The Register said HPE is integrating Juniper’s Apstra Data Center Director into Morpheus while also blending capabilities from Juniper Mist and Aruba Central. During HPE’s Discover event in Barcelona late last year, HPE executives described the company’s goal as creating “AI for networking, and networking for AI,” with plans centered on self-driving network operations powered by agentic AI.
What the distribution shift means for partners
For channel partners, distributors, and enterprise customers, the bigger story may be how tightly HPE is connecting its sales ecosystem to its evolving AI infrastructure ambitions.
By selecting global distributors with large logistics networks and enterprise relationships, HPE appears to be preparing for a broader push into AI-ready private cloud deployments, networking upgrades, and hybrid infrastructure modernization.
TD SYNNEX said the new arrangement will give partners broader access to HPE’s networking, cloud, and AI products while providing localized support across different markets.
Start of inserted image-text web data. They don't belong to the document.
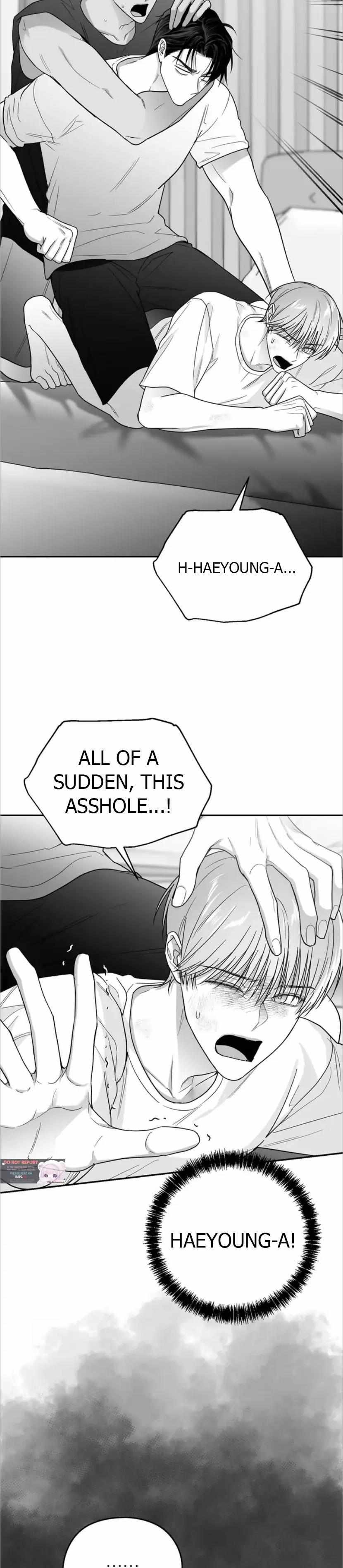 Read Non Zero Sum chapter 24 image 37 on Lezhin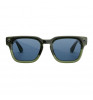 Умные очки Ray-Ban Meta Fury Racing Green/Light Blue Atlantic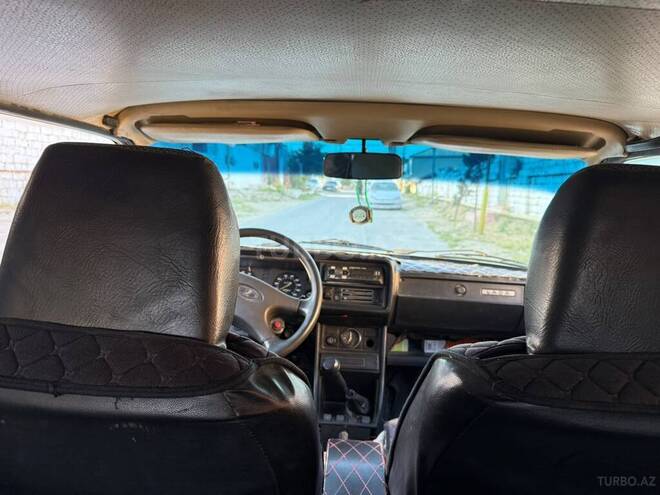 LADA (VAZ) 2104-10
The company also pointed to its AI-focused enablement platform, Destination AI, as part of the support structure for partners expanding into AI services.
As enterprises search for alternatives to traditional virtualization stacks and look for ways to operationalize AI infrastructure at scale, HPE is betting that a tightly integrated ecosystem, backed by global distributors, could give it an opening in a fast-changing market.